Saturday, July 19, 2014

Controversy over Astoria Cove continues

From Crains:

Affordable-housing advocates are concerned about the number of low-income units that will be a part of the new Astoria Cove project in northwestern Queens. Queens Borough President Melinda Katz said she was worried about gentrification of the area and [held] a hearing on the 2.2 million-square-foot project Thursday, according to The Wall Street Journal.

The developer of the project Alma Realty Corp. has offered to make 20% up from the original proposal of 17%, but some advocates want 50%.


From the NY Observer:

An anti-Walmart coalition and a Queens councilman are announcing a campaign today to keep Walmart, the big box superstore, out of a proposed residential and retail development in Astoria, Queens. It’s not clear yet if Walmart, thwarted before from building in New York City because of its anti-union approach, is planning on an attempt to bring a store to the 2.2 million square foot and 1,700 unit waterfront and retail complex known as Astoria Cove.

Anti-Walmart forces, though, aren’t taking any chances.

“Workers, consumers, and local businesses in Astoria need a retail component that preserves the small-business character of our community. Astoria Cove should prioritize employers that meet the highest standards,” Councilman Costa Constantinides, the area’s representative, said in a statement to the Observer. “The retail component of Astoria Cove should help build entrepreneurship both inside the development and within the greater Astoria community.”

9 comments:

Anonymous said...

Come on now! How in hell does one build affordable housing on a waterfront property ? It's all BS! Might as well build a housing project there instead.

JQ said...

in the post fun size mayor era,this and other mega tower and condos are housing projects.

Anonymous said...

There is a housing project right over there anon. Plenty of housing projects are right by the water.

Deke DaSilva said...

Queens Borough President Melinda Katz said she was worried about gentrification of the area

Question: Has Borough President Melinda Katz ever been worried about slumification?

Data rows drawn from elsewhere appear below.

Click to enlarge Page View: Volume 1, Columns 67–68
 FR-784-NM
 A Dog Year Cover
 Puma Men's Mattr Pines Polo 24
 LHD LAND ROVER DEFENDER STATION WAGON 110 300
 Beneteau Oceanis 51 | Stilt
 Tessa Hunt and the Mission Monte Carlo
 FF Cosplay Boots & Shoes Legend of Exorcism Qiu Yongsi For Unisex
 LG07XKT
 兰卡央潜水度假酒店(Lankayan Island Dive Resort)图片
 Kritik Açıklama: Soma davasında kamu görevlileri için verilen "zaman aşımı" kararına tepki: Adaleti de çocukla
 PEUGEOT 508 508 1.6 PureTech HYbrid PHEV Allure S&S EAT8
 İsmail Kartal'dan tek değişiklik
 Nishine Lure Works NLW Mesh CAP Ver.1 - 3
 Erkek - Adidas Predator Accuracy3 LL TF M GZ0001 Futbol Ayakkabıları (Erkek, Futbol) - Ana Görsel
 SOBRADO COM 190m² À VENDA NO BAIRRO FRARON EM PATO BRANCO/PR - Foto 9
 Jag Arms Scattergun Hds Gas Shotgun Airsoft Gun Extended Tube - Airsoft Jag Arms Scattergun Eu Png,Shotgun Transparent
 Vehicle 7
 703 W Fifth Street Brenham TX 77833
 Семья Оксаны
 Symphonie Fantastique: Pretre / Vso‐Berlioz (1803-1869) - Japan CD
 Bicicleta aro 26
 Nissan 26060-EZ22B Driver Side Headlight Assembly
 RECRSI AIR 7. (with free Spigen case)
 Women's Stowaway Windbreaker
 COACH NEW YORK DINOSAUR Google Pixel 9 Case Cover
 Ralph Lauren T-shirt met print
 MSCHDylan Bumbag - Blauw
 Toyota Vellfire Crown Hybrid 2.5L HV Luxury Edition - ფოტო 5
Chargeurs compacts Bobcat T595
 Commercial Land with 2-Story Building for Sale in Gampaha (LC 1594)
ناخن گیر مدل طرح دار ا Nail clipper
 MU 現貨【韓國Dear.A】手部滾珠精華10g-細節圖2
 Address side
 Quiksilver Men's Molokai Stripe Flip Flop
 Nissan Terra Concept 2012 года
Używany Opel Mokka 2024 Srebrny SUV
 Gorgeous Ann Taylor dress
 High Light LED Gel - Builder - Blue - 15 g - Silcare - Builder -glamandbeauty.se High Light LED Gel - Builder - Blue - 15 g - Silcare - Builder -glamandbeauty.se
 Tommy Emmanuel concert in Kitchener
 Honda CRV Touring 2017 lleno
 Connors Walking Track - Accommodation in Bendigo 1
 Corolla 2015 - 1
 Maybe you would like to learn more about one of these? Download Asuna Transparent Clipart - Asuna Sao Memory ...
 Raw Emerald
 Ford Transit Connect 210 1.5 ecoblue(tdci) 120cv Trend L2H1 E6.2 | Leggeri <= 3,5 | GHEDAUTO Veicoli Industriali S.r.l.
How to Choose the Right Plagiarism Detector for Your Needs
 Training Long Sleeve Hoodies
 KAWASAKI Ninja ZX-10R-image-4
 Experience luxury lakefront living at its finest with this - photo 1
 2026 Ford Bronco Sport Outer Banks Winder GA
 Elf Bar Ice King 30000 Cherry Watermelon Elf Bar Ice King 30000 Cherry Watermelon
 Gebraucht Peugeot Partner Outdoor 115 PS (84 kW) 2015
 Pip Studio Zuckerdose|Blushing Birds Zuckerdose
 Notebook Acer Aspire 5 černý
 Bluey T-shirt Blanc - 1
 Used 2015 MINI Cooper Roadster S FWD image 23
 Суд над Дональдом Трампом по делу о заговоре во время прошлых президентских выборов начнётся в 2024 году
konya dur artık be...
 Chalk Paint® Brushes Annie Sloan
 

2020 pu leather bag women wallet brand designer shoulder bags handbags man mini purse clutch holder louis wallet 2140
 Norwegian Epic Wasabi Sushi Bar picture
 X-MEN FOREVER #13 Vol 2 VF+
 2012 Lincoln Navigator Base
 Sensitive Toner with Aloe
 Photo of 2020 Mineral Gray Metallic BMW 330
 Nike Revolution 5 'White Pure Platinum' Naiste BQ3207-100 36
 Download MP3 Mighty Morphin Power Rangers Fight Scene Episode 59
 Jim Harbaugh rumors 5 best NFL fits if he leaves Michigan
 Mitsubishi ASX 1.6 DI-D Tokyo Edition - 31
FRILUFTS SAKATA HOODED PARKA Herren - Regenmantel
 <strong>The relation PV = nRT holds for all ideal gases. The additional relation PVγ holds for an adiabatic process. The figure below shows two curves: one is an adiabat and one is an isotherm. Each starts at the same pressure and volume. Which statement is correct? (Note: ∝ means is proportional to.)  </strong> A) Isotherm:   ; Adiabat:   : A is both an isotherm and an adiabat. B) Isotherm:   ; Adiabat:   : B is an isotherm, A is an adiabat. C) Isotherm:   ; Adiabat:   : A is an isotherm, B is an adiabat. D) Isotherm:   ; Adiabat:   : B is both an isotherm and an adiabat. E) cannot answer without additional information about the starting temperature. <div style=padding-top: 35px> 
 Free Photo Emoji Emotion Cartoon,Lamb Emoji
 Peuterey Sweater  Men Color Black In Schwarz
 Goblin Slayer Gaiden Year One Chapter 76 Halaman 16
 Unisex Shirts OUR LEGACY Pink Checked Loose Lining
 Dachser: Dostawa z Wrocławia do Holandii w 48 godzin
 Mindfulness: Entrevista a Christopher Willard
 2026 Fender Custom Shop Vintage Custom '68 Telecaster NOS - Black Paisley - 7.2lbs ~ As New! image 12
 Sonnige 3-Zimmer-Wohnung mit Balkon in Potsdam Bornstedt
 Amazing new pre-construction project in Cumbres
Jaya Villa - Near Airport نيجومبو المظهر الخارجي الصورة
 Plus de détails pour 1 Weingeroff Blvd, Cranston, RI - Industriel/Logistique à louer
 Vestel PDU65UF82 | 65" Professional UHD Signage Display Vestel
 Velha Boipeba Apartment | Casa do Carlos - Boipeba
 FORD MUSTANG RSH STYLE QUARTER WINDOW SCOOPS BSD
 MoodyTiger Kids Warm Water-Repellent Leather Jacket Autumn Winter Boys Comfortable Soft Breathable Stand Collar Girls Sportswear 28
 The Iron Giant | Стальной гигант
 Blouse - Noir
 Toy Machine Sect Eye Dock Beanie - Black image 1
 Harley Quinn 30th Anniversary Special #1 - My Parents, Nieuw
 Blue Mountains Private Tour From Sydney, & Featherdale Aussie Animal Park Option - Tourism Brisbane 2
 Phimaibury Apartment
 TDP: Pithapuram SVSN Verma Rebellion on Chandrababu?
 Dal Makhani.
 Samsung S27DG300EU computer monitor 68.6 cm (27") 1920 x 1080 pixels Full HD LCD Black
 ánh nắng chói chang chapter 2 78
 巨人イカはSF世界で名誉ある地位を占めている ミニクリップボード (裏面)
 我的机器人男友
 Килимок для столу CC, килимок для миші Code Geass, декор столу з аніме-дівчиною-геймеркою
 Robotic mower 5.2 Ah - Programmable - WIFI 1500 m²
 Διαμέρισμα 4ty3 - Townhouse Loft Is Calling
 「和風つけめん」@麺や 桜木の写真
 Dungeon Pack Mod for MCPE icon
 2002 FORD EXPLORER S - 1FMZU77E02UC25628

Mr. Constantinides already signed onto an open letter from various City Council members condemning Walmart for flooding the city with philanthropic dollars.

Question: Is Mr. Constantinides concerned about the Federal Government flooding NYC with undocumented guest Democrats from Mexico and Central America?

Labor groups, along with Democratic elected officials, railed against the superstore chain for the relatively low wages it pays its workers and its drive to crush unionization efforts.

Question: Are these labor groups and Democratic elected officials also concerned about the low wages paid to the thousands of workers in bodegas and restaurants throughout NYC? Also, what union represents these same workers?

Various liberal groups and coalitions……want half the units below market rate, far more than the developer is pushing for, and higher wages for the workers on the project.

Liberal groups and coalitions obviously haven’t even taken a basic college-level economics course. They want below market rate housing units, and they want construction workers to get higher wages. And who is going to pay for this?

Anonymous said...

> And who is going to pay for this?

The people renting the market rate units.

If this wasn't a mile from the subway they should demand the building have more units in the same footprint instead. Would do more to push the project downmarket than what they're doing now.

Anonymous said...

Yet another example of the poor planning in Astoria, home to some of the ugliest buildings in Queens over the past 20 years.

I think there are some second thoughts on making this an upscale community. It ain't going to happen, but will simply concentrate more poor people into a potentially explosive area. Even if they charge high rents, we all know they will cover it with 5 or 6 people per unit.

Walmart? A potential grid lock of cars sitting in the middle of sniper's alley.

The area is a toxic brownfield equal distant to two sewage plants.

Add global warming and soon to be yearly flooding and our friends at Alma, Community Board 1, and an elected leadership that does one thing well - running donor efforts to curry favor in Albany or Washington, and you will have the greatest urban disaster in NYC.

Anonymous said...

Its always great to see Costa taking a break for doing fund raising for his boss Crowley.

Miles Mullin said...

This blog is soooo educational!

The Astoria Avenger said...

Did they warn everybody that this is a flood zone? The lust to live on the water is appealing to the newly arrived from the Midwest hipsters. If I could make millions off of selling a Rube a pig in a poke, maybe I might decide to cash in too.